Problem description: Please transcribe the listing below in full and word for word, without its pictures.

Information provided:
■ ■ ■ ■
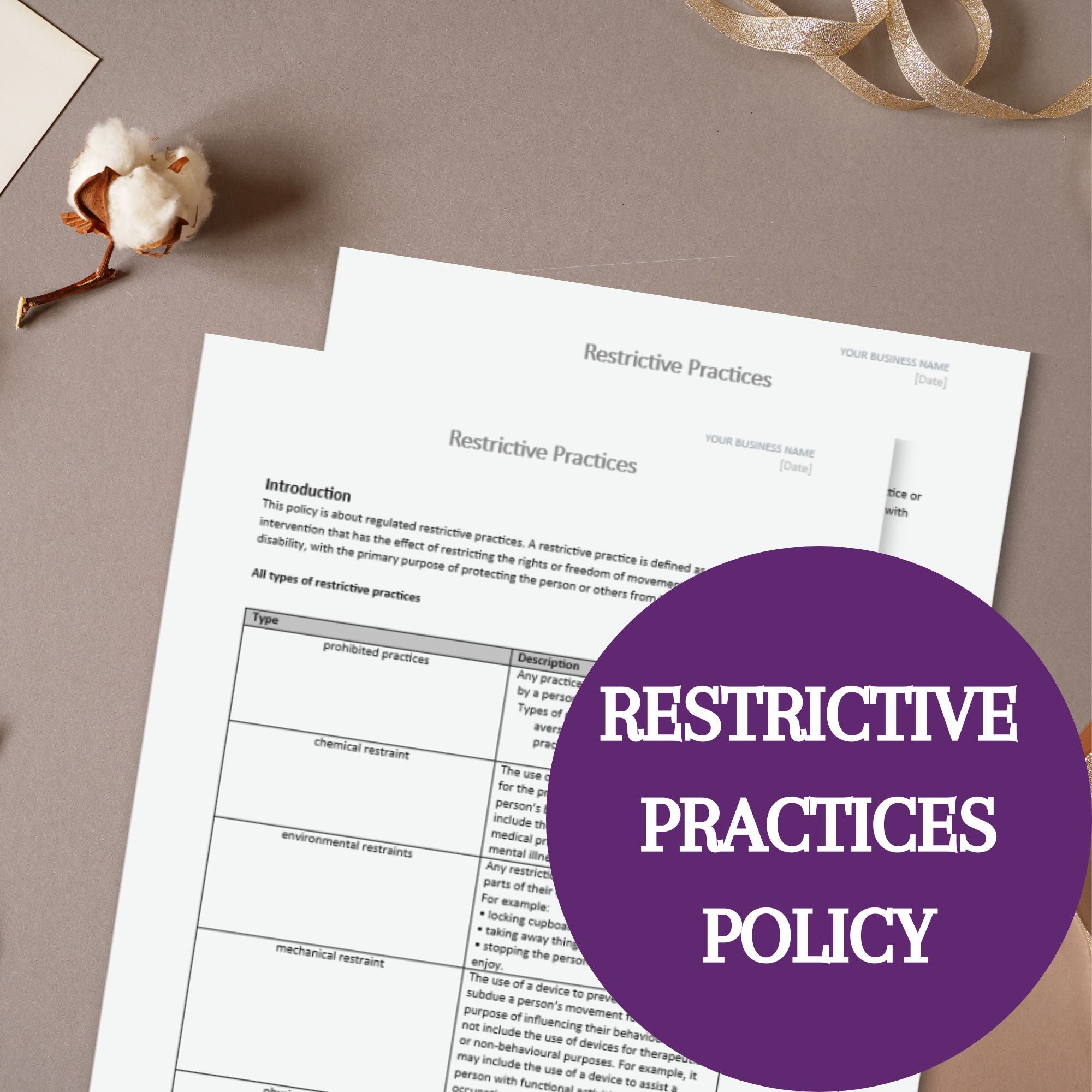 Restrictive Practices Policy Template – Launchly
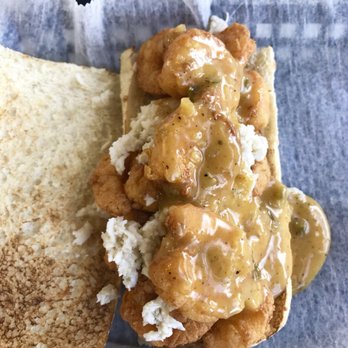 Skrimp Shack - Crab meat and Skrimp Po Boy with a sweet spicy sauce (sauce is amazing, huge portion) - Seafood Near Me - Hampton, Virginia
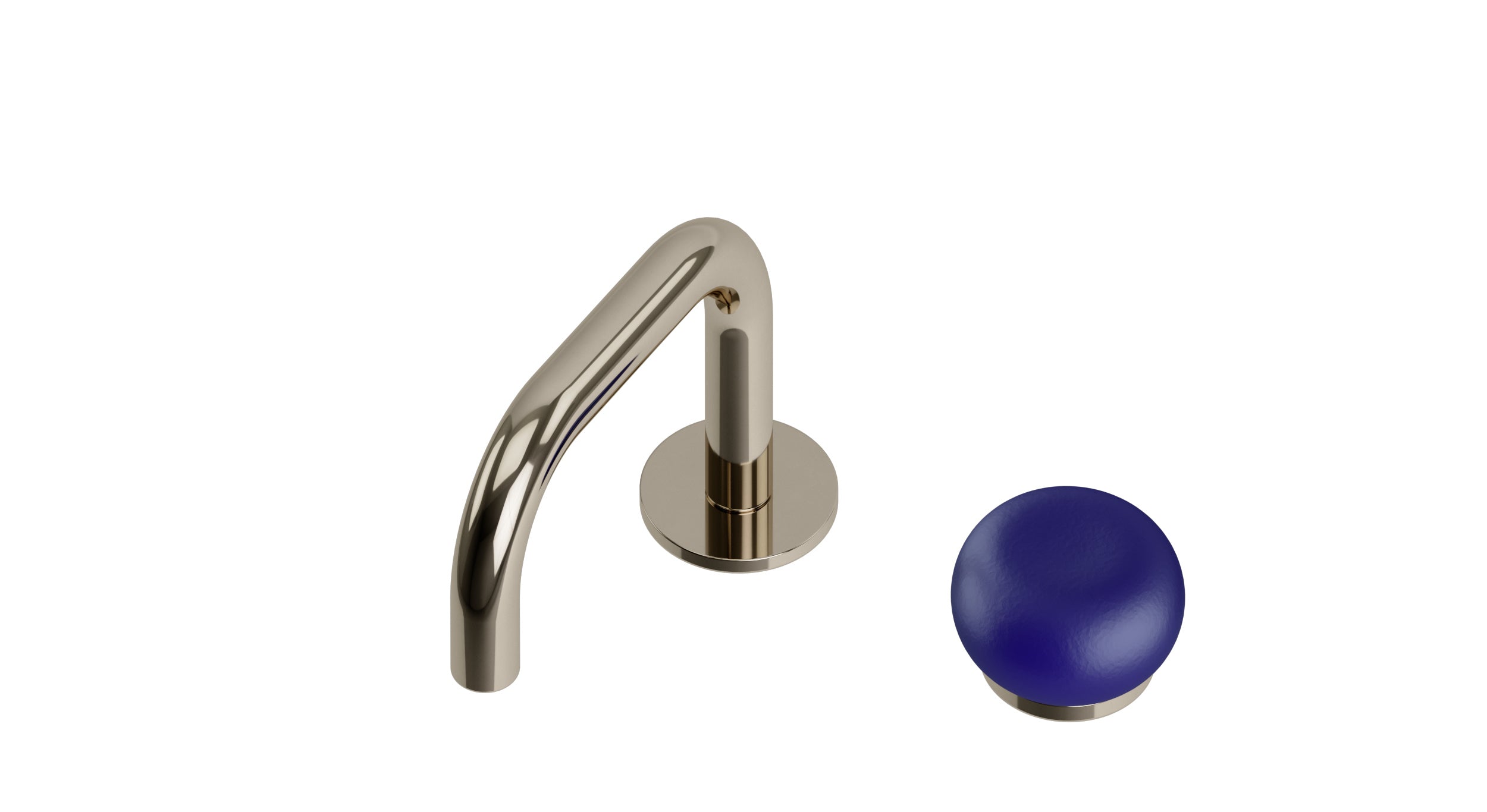 Foundry One Handle Deck Mount Squaretop Lavatory Faucet with Pebble Ceramic Knob Handle in Polished Nickel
■ ■ ■ ■
Exercise solution:
 Restrictive Practices Policy Template – Launchly
 Skrimp Shack - Crab meat and Skrimp Po Boy with a sweet spicy sauce (sauce is amazing, huge portion) - Seafood Near Me - Hampton, Virginia
 Foundry One Handle Deck Mount Squaretop Lavatory Faucet with Pebble Ceramic Knob Handle in Polished Nickel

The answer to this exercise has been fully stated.